Frühmorgens um kurz nach Sieben
Ich versuche einen Trick:“Du suchst das Leiberl aus und ich die Hose. Ok?“ Akzeptiert. Es wird tief in die Lade gegriffen und einmal umgerührt. Uaaaaaaah! Alles zerknüllt. Egal. Nach fünf Minuten beginne ich wieder Vorschläge zu machen. Fünf Shirts später haben wir endlich eines, welches aber auch nur deshalb angezogen wird, weil es von ihrer Cousine ist. Kleiner Trick meinerseits. „Das Kleid/Leiberl/ …. usw. von S. magst du doch, oder?“ Funktioniert fast immer. Egal woher das Teil tatsächlich stammt.
Bei den Socken kommt es dann zum Eklat. Socken aussuchen und selbst anziehen. Funktioniert gut, helfen darf ich eh nicht. Nur, dass sie Socken meines kleinen Monks haargenau sitzen müssen (Ferse auf Ferse, Naht vorne genau auf den Zehen). Sonst wird sie zornig. Täglich. Mehr zum Strumpfdrama lest ihr HIER.
Frühmorgens um halb Acht
Ein paar Tränen später will das kleine Fräulein Saft. Aber es findet sich einfach nicht die richtige Flasche (die ichweißwiedermalnichtwo liegt). Wir nehmen eine andere. Nein, die darf es nicht sein. Ich suche noch eine andere.
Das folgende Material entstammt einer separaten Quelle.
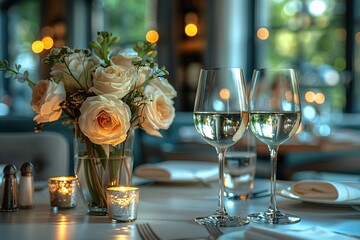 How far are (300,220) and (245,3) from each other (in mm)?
6129

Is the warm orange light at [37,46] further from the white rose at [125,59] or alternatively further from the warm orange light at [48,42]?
the white rose at [125,59]

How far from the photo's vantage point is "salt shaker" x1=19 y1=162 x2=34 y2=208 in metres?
1.21

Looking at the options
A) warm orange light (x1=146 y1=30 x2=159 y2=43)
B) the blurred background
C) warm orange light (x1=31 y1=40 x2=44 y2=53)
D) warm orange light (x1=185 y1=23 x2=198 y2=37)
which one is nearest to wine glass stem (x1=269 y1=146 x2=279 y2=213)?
the blurred background

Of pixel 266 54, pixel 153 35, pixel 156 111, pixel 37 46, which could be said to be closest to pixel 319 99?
pixel 266 54

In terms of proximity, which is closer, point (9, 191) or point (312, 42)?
point (9, 191)

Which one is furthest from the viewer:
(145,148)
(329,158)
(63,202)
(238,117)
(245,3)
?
(245,3)

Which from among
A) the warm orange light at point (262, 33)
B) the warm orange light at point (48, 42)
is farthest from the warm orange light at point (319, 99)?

Passt. Selbst einschenken natürlich. Sie Saft, ich Wasser dazu. Als ich fertig bin, kommt sie drauf, dass sie doch gerne selbst Wasser eingeschenkt hätte. Wieder Tränen. Die Flasche fliegt durch den Raum. „10, 9, 8, ….“ Wenn ich es wirklich schaffe zu Zählen anstatt sie anzumotzen, wie unnötig das jetzt war, ist es gut gelaufen …. „Dann halt kein Saft …“. Die Flasche bleibt am Küchentisch stehen. Autonomiephase Deluxe.
Frühmorgens um Neune
So, das lässt sich nun beliebig fortsetzten. Sobald wir das Haus verlassen, ist die Welt wieder halbwegs in Ordnung. Davor gibt es aber meistens noch die Jacken- und Hauben-Diskussion, bei der manchmal die Jacke durch den halben Raum fliegt und sich meine Tochter fast am Schal erwürgt, den sie sich wieder vom Leib reißen möchte. Bis ich die Gummistiefel vor ein paar Tagen versteckt hatte, gab es auch da noch Diskussionsbedarf. Aber seit sie ausser Sichtweite sind, werden ihre normalen Stiefel akzeptiert.
Na dann: Gute Nacht
Bis der Tag vorbei ist, hat es unzählige solcher für mich und sicherlich auch für sie anstrengenden Interaktionen gegeben. Mama oder Papa schaffen es ja nämlich auch nicht, den richtigen Pyjama rauszulegen. Dann ist da noch die Sache mit dem Anziehen, Trinken, Klo Gehen und Zähne putzen. Ganz zu Schweigen davon, dass das kleine Fräulein mindestens 10 Mal ins Wohnzimmer kommen muss und am liebsten im Dunkeln in ihrem Bett herumstrampelt (weil die Decke schlecht liegt) sowie lautstark singt und mit ihrer Puppe brüllt, bevor sie einschläft. Die Arme Puppe ist sonst bald taub, wir auch.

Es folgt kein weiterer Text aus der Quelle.